A way to (most likely) improve accuracy of the adapted JSPM without significantly increasing computation time is to calculate \(H^c_\alpha (P^q)\), for \(q > 1\). The intuition is that for relatively small q, \(P^q\) may not affect the sparsity too much (increase in computation time is limited) but may increase the accuracy (which is likely according to the theory). Note that although it is common, it is not necessary that larger q increases accuracy, theory only provides upperbounds for the norm error. Example 6 provides an instance for which a larger q does not increase accuracy of \(H_\alpha (P)\).

Example 6

Take

$$\begin{aligned} P= & {} \left[ \begin{array}{ccc} 0.1 &{} 0.45 &{} 0.45 \\ 0.9 &{} 0.1 &{} 0 \\ 0.9 &{} 0 &{} 0.1 \end{array} \right] \;\; \text{ so } \text{ that } \;\; \varPi _P = \left[ \begin{array}{ccc} 1/2 &{} 1/4 &{} 1/4 \\ 1/2 &{} 1/4 &{} 1/4 \\ 1/2 &{} 1/4 &{} 1/4 \end{array} \right] \;\; \text{ and } \\ P^2= & {} \left[ \begin{array}{ccc} 0.82 &{} 0.09 &{} 0.09 \\ 0.18 &{} 0.415 &{} 0.405 \\ 0.18 &{} 0.405 &{} 0.415 \end{array} \right] . \end{aligned}$$

It holds that \(\Vert \varPi _P - H_{\alpha =10^{-6}}(P) \Vert \approx 4.44 \cdot 10^{-7}\), whereas \(\Vert \varPi _P - H_{\alpha =10^{-6}}(P^2) \Vert \approx 1.78 \cdot 10^{-6}\), which is due to the periodic behavior of P (visible by comparing P and \(P^2\)).
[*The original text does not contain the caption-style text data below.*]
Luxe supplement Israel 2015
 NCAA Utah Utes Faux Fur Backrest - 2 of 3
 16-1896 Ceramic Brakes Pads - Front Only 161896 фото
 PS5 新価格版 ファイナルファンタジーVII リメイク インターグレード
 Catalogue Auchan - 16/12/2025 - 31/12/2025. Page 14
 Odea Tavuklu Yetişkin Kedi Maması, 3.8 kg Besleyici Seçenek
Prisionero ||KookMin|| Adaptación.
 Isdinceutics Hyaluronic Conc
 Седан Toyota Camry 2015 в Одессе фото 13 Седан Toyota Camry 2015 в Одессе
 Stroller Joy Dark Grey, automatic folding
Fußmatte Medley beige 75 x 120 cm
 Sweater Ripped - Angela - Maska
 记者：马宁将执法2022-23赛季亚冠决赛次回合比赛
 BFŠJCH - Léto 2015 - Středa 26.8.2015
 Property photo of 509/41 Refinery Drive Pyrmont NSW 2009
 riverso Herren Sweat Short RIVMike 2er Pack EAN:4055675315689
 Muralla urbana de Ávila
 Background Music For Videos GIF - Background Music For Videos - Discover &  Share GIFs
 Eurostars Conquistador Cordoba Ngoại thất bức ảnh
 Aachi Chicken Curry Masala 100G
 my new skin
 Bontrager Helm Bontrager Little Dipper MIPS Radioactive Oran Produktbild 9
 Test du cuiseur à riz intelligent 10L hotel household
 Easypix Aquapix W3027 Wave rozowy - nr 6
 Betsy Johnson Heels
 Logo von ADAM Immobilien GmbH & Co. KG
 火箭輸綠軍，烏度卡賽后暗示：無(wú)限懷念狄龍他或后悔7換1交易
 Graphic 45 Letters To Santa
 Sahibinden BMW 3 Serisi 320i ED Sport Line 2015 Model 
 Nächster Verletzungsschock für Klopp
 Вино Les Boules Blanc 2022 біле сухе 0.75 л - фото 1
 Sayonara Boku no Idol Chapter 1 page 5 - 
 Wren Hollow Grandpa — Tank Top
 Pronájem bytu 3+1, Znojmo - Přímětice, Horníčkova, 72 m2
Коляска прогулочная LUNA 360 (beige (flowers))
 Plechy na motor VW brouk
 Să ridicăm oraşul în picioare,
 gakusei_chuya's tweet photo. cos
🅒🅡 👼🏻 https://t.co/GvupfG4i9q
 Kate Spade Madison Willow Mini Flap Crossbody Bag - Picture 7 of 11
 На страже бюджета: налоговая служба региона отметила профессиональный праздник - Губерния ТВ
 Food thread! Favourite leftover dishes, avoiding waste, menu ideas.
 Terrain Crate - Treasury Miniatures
For the instances put forward in Table 4 we tested the effect of considering \((P_i)^2\) instead of \(P_i\), where \(i=10,11,12,13,\). Most of the time taking a power increased the accuracy but more significantly increased computation time so that practical usability of taking powers is questionable.

Table 5 Results for adapted JSPM, with \(\alpha = \min \{ 10^{-10},\; (p^\star )^2 \}\) and \(\iota = (1/S)^2\), in case of large instances

5 Conclusion

This paper introduces JSPM which is a generalization of PM. JSPM is a highly accurate approximation method for the ergodic projector of a general finite Markov chain, including periodic Markov multi-chains. Convergence analysis and numerical experiments show that it can provide a viable generalization of PM. Especially in case of large-scale Markov chains, JSPM works well and can deal with nearly decomposable chains without running into numerical instabilities.

Further research includes extending the techniques used for analyzing JSPM to the deviation matrix and achieving higher accuracy via numerical ingenuity.